A fundamental challenge for managers is ensuring that technology adoption is not pursued in isolation but is instead integrated into a broader sustainability strategy. Many organizations invest in blockchain, AI or IoT solutions with the expectation that these technologies will automatically enhance visibility, efficiency or compliance. However, as the research in this issue demonstrates, the real sustainability benefits emerge only when these technologies are embedded within well-defined sustainability-oriented practices.
Another critical consideration is the governance of digital sustainability initiatives. While digital tools can improve traceability and monitoring, their success depends on establishing robust mechanisms for data integrity, stakeholder trust and cross-tier collaboration. Blockchain, for example, can enhance transparency, but its effectiveness is contingent on industry-wide adoption, interoperability standards and trust-building measures among supply chain partners. Managers must, therefore, focus not only on technology selection but also on governance structures that support long-term sustainability objectives.
Furthermore, firms must actively manage the trade-offs and unintended consequences of digitalization. Deploying digital sustainability solutions can introduce new risks, including data security vulnerabilities, high energy consumption and challenges related to workforce inclusion. Addressing these concerns requires a balanced approach that weighs the benefits of digitalization against its potential social and environmental downsides. This includes considering the ethical implications of AI-driven automation, the carbon footprint of blockchain infrastructure and the inclusivity of digital supply chain solutions for small and medium-sized enterprises.

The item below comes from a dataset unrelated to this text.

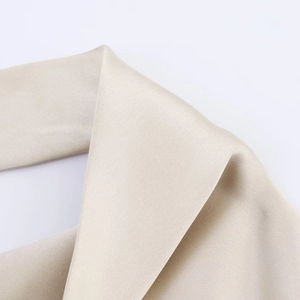 Détail macro du tissu satiné montrant la texture sergé et l'éclat soyeux du vêtement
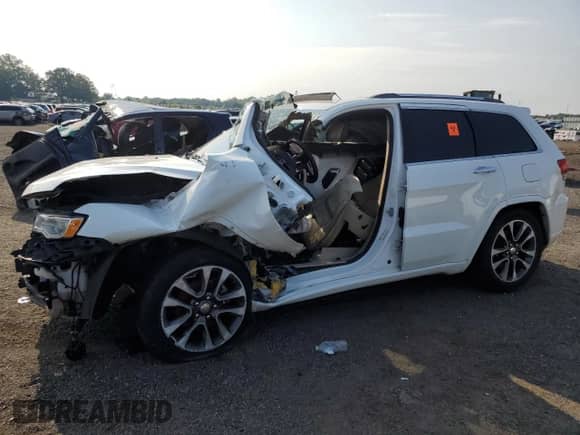 2018 Jeep Grand Cherokee Overland z VIN 1C4RJFCG2JC503559, wystawiony jako Copart lot #65679805 z przebiegiem Nie podano mil oraz Szkoda całkowita • Salvage title. Historia ofert i sprzedaży dostępna na DreamBid. Obrazek 1.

Finally, collaboration across supply chain actors remains crucial to digital sustainability success. Individual firms can make progress in adopting digital sustainability initiatives, but their full potential can only be realized through coordinated industry-wide efforts. This includes establishing shared digital infrastructures, aligning reporting frameworks and fostering cross-sector partnerships that drive systemic sustainability improvements. Managers should seek to engage suppliers, regulators and industry associations to ensure that digital sustainability initiatives benefit the entire supply chain ecosystem.
5.3 Conclusion
This special issue expands the discussion on technology-enabled sustainability in supply chains by offering new empirical insights and theoretical advancements. It challenges the assumption that digitalization automatically leads to improved sustainability outcomes and underscores the complexities of integrating digital tools into sustainability strategies.
Future research should continue to explore how digital technologies influence sustainability transitions, moving beyond linear cause-and-effect assumptions to examine the conditions under which digital tools generate real impact. This requires more integrated, multi-level and longitudinal studies that capture the evolving relationship between technology, sustainability practices and performance.
For practitioners, digitalization should not be viewed as an end in itself but as an enabler that must align with broader sustainability goals. Success depends on embedding digital tools within supply chain governance frameworks, fostering industry-wide collaboration and addressing the risks and trade-offs associated with new technologies.
We hope this special issue provides a foundation for advancing both research and practice, offering a clearer understanding of how digitalization can support sustainability efforts in supply chains.